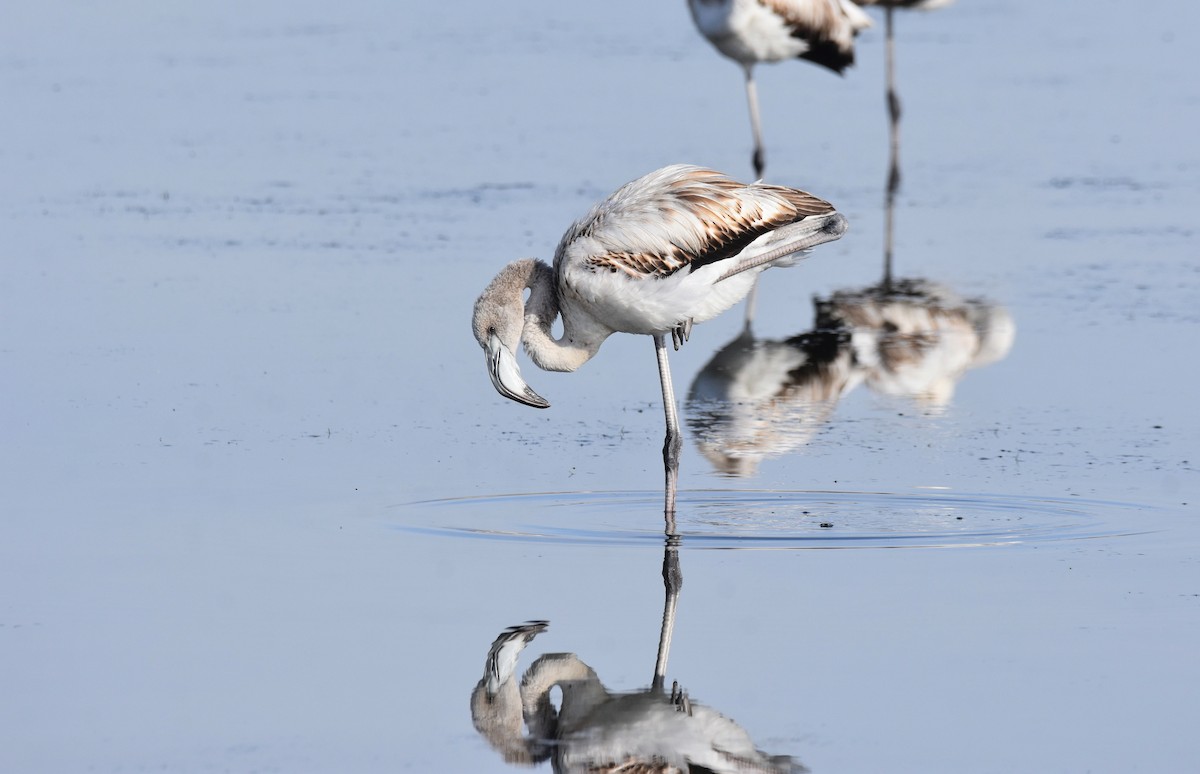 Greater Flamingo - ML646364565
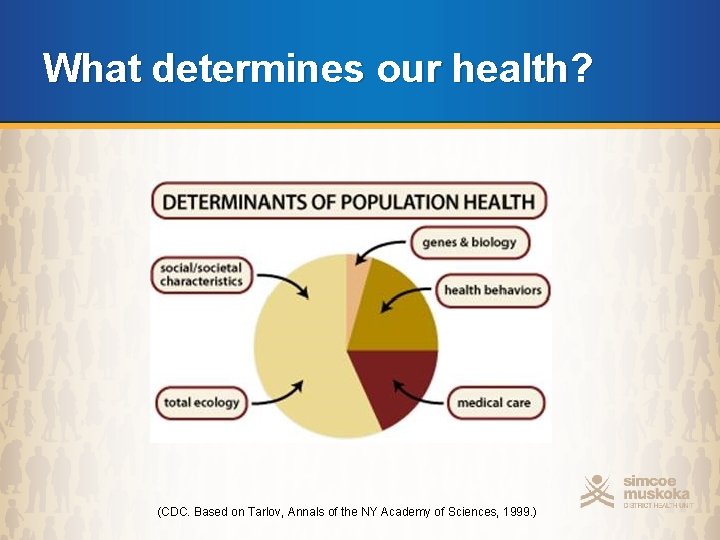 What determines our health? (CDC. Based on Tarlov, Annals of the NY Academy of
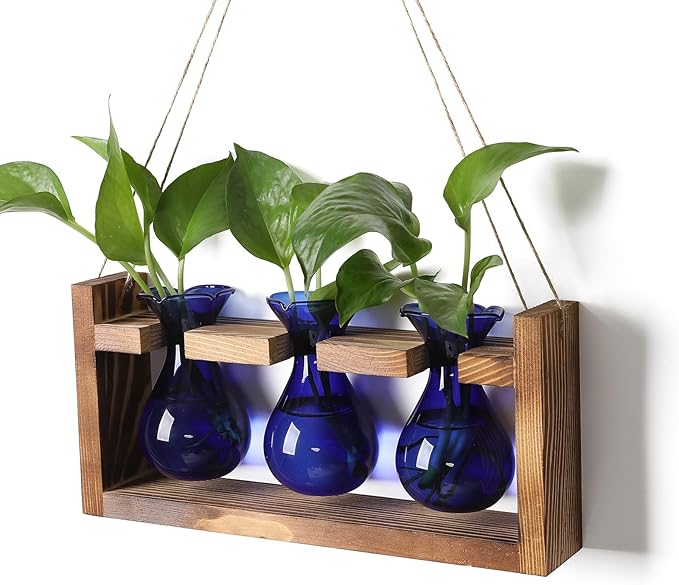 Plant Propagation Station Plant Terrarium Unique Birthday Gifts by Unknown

::::

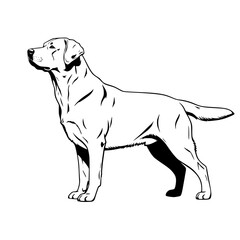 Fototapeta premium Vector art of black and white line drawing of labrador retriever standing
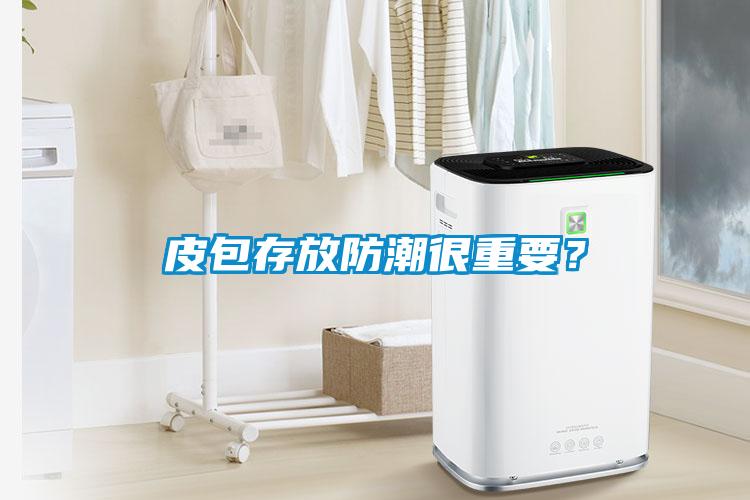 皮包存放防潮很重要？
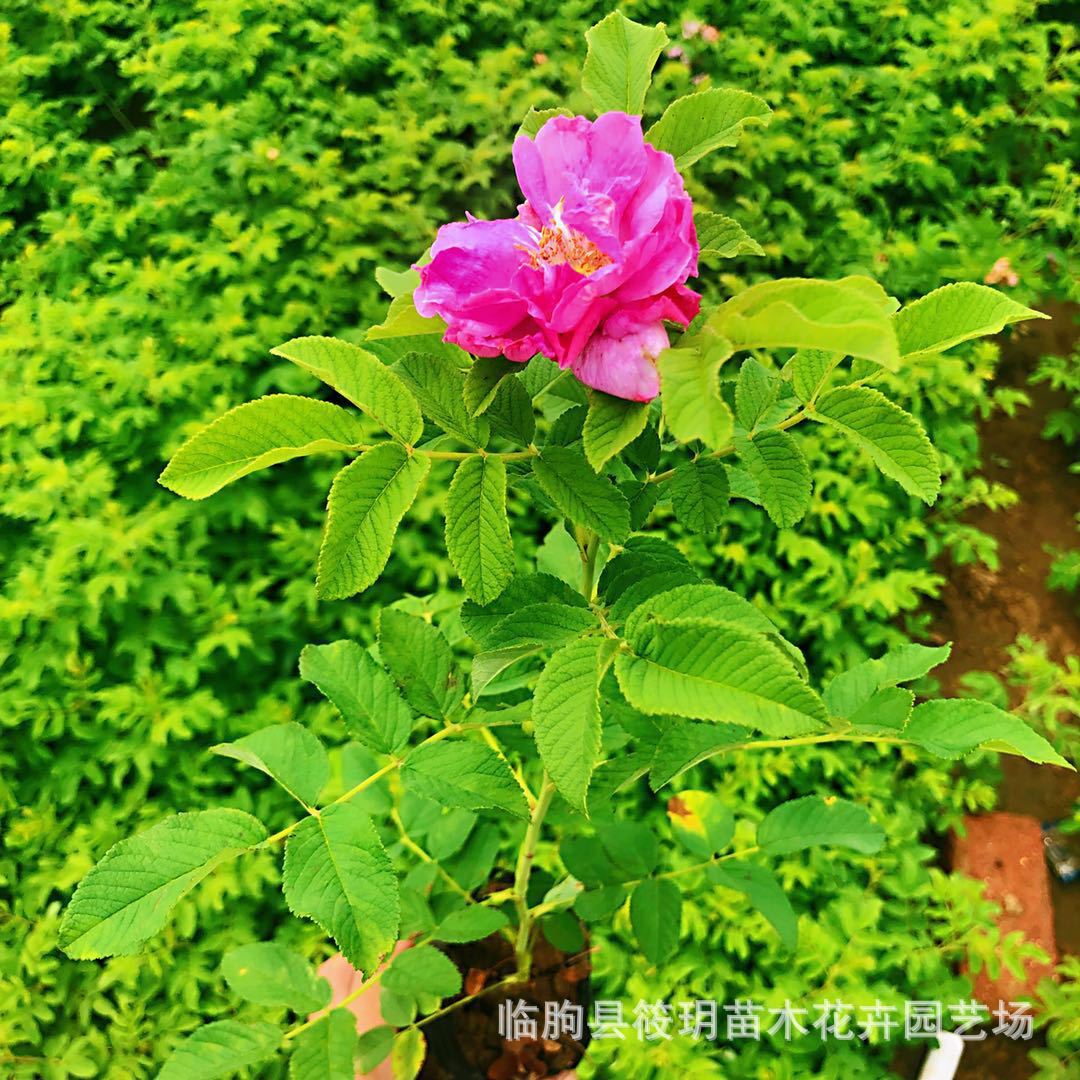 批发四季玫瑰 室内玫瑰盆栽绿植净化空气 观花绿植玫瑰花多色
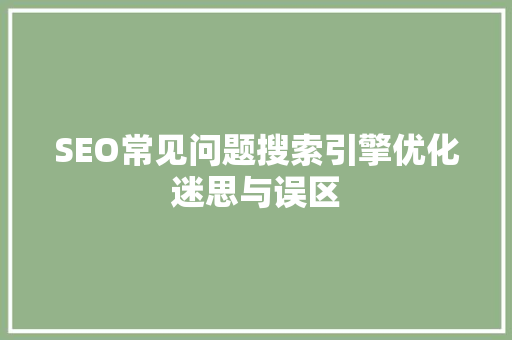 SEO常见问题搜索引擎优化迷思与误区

::::

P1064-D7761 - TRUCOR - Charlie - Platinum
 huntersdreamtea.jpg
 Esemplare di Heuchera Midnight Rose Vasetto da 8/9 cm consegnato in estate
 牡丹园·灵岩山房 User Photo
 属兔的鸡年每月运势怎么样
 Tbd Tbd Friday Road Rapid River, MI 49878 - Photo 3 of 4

::::

• REQUIRED ACTION: From the records above, copy only the lines running from the line holding "Greater Flamingo - ML646364565" through the line holding "Plant Propagation Station", with no pictures.

• RESULT:
 Greater Flamingo - ML646364565
 What determines our health? (CDC. Based on Tarlov, Annals of the NY Academy of
 Plant Propagation Station Plant Terrarium Unique Birthday Gifts by Unknown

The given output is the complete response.